In the 1941 provincial election he won a seat in the British Columbia Legislative Assembly becoming the CCF Member of the Legislative Assembly for Rossland-Trail. He had previously been an unsuccessful candidate in the 1937 provincial election in the Kaslo-Slocan electoral district.

Herridge resigned his seat in order to run federally once again as CCF candidate in Kootenay West in the 1945 federal election but did so in violation of an order of the British Columbia Council of the CCF. As a result, he was expelled from the party and ran instead as an independent "People's CCF" candidate. He was elected while the official CCF candidate placed fourth. In 1948, Herridge was readmitted into the CCF and he was re-elected in the 1949 federal election as the official CCF standard-bearer. Herridge served for almost 23 years in the House of Commons of Canada winning eight successive elections, the last three as a New Democrat.

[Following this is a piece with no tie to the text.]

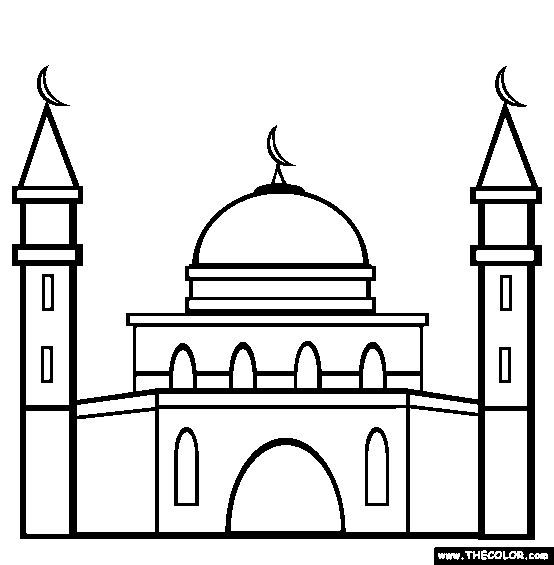 Masjid Drawing at PaintingValley.com | Explore collection of Masjid Drawing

Herridge served on the Standing Committee on Veterans Affairs for 23 years and also served at various times on the Standing Committee on External Affairs and the Standing Committee on Agriculture, Forestry and Rural Development. He was the only NDP MP to vote against changing the Canadian flag from the Canadian Red Ensign to the Maple Leaf.

Herridge was also president of the Nakusp-Galena Bay Telephone Company. Besides operating a tree farm, he also at various times raised cattle, grew fruit and operated a sawmill.

He was a long-time opponent of the Columbia River Treaty with the United States.

== Archives ==
There is a Herbert Herridge fonds at Library and Archives Canada. Archival reference number is R4859. There is also a Herbert Herridge fonds at the Selkirk College Archives.